PyLHC Submitter¶

See the API documentation for a detailed description of the code and the different parameters.

Note that the full functionality is only available under Linux with HTCondor configured, e.g. on CERN's lxplus service. Currently, due to lack of htcondor Python bindings on PypI for Windows and macOS, only local job execution is possible for these platforms.

Using the Job Submitter:¶

In the following examples, we will perform a tune sweep using a MAD-X mask. The simulations will be parametrized for both beams over a range of tunes in each plane. Parameters in the template script (see below) are indicated in the %(PARAMETER)s format.

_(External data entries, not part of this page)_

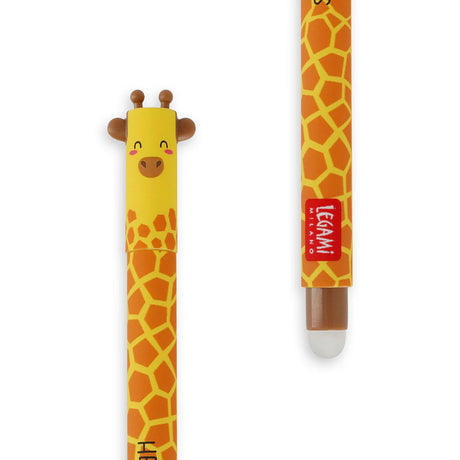 Legami GIRAFFE uitwisbare pen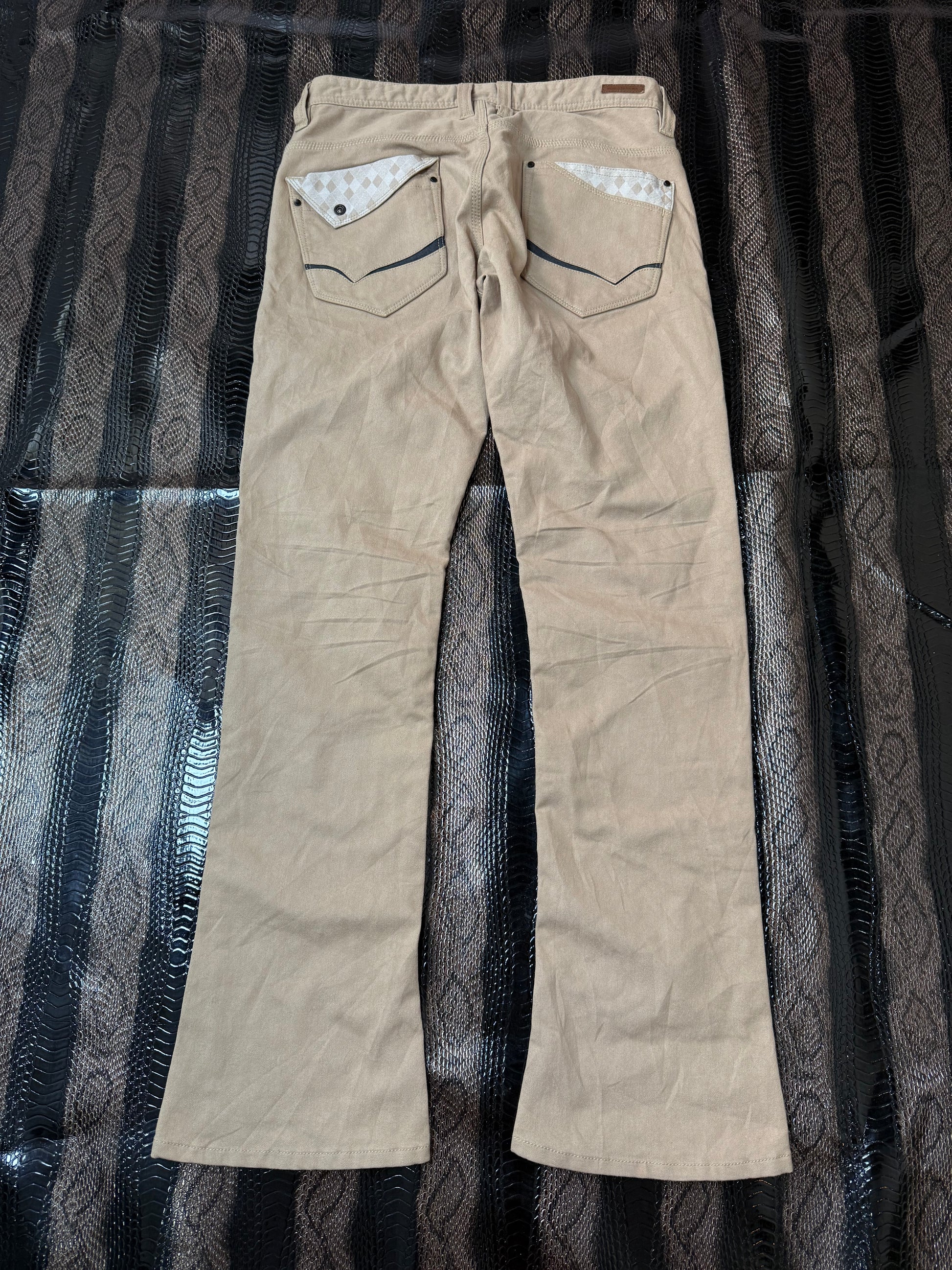 B2V NICOLE CLUB PANTS 02 ༒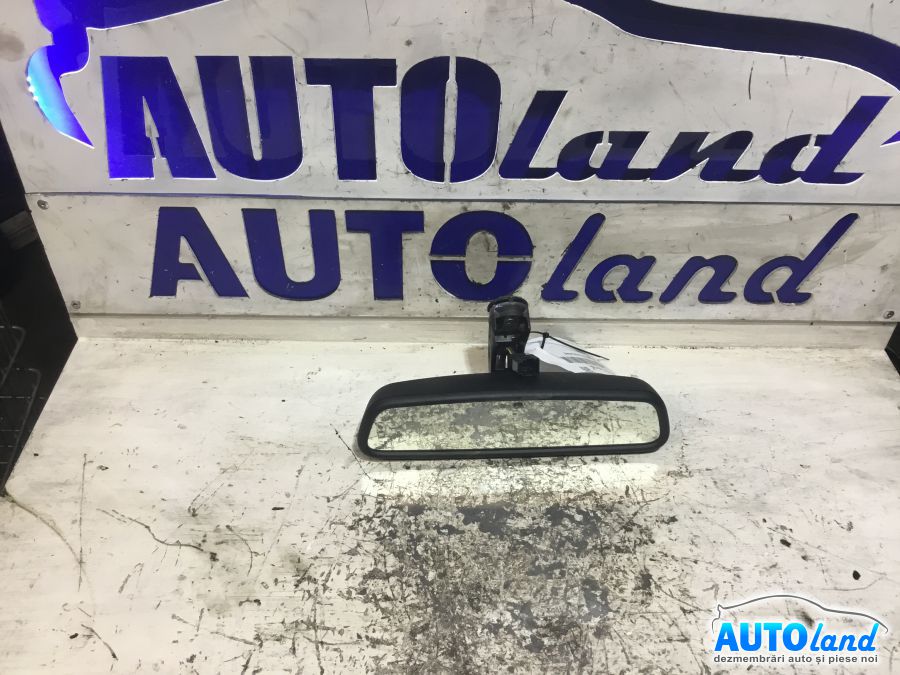 Oglinda Retrovizoare BMW 5 (E60) 2003-2026 Cod 913446101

The my_madx.mask Template File

! ----- Create Symlinks to Resources ----- !
option, warn, info;
system, "mkdir Outputdata";
system, "ln -fns /afs/cern.ch/eng/lhc/optics/V6.503 db5";
system, "ln -fns /afs/cern.ch/eng/lhc/optics/SLHCV1.0 slhc";
system, "ln -fns /afs/cern.ch/eng/lhc/optics/runII/2018 optics2018";
!option, -echo, warn, -info;

! ----- Make macros available  ----- !
call, file="optics2018/toolkit/macro.madx";

! ----- Beam Options  ----- !
mylhcbeam=%(BEAM)s;  ! Will be replaced by values given to the submitter
qx=%(TUNEX)s;        ! Will be replaced by values given to the submitter
qy=%(TUNEY)s;        ! Will be replaced by values given to the submitter
emittance=3.75e-06;
n_part=1.0e10;

! ----- Set up Lattice ----- !
call, file="optics2018/lhc_as-built.seq";  ! LHC machine definition

! -----  Definine the optics ----- !
call, file="optics2018/PROTON/opticsfile.22_ctpps2";  ! Optics to Round 30cm collision optics

! ----- Create Beams ----- !
beam, sequence=lhcb1, bv= 1, energy=NRJ, particle=proton, npart=n_part, kbunch=1, ex=emittance, ey=emittance;
beam, sequence=lhcb2, bv=-1, energy=NRJ, particle=proton, npart=n_part, kbunch=1, ex=emittance, ey=emittance;

! ----- Tune Matching ----- !
use, sequence=lhcb%(BEAM)s;
match, chrom;
    global, q1=qx, q2=qy;
    vary, name=dQx.b%(BEAM)s, step=1.0E-7;  ! Will be replaced by values given to the submitter
    vary, name=dQy.b%(BEAM)s, step=1.0E-7;  ! Will be replaced by values given to the submitter
    lmdif, calls=100, tolerance=1.0E-21;
endmatch;

! ----- Output Twiss ----- !
select, flag=twiss, clear;
select, flag=twiss, pattern="BPM", column=name,s,x,y,betx,bety,alfx,alfy,dx,dpx,mux,muy;
select, flag=twiss, pattern="M", column=name,s,x,y,betx,bety,alfx,alfy,dx,dpx,mux,muy;
select, flag=twiss, pattern="IP", column=name,s,x,y,betx,bety,alfx,alfy,dx,dpx,mux,muy;
twiss, chrom, file="Outputdata/b%(BEAM)s.twiss.tfs";  ! Will be replaced by values given to the submitter

! ----- Cleanup Symlinks ----- !
system, "unlink db5";
system, "unlink slhc";
system, "unlink optics2018";

Starting Studies from Python¶

Recommended Method

Starting studies from Python is the recommended method, especially with a high number of parameters. As we will see later on, other methods methods require all parameter values to be written down while the pythonic way allows for an easier and clearer definition of the parameter space.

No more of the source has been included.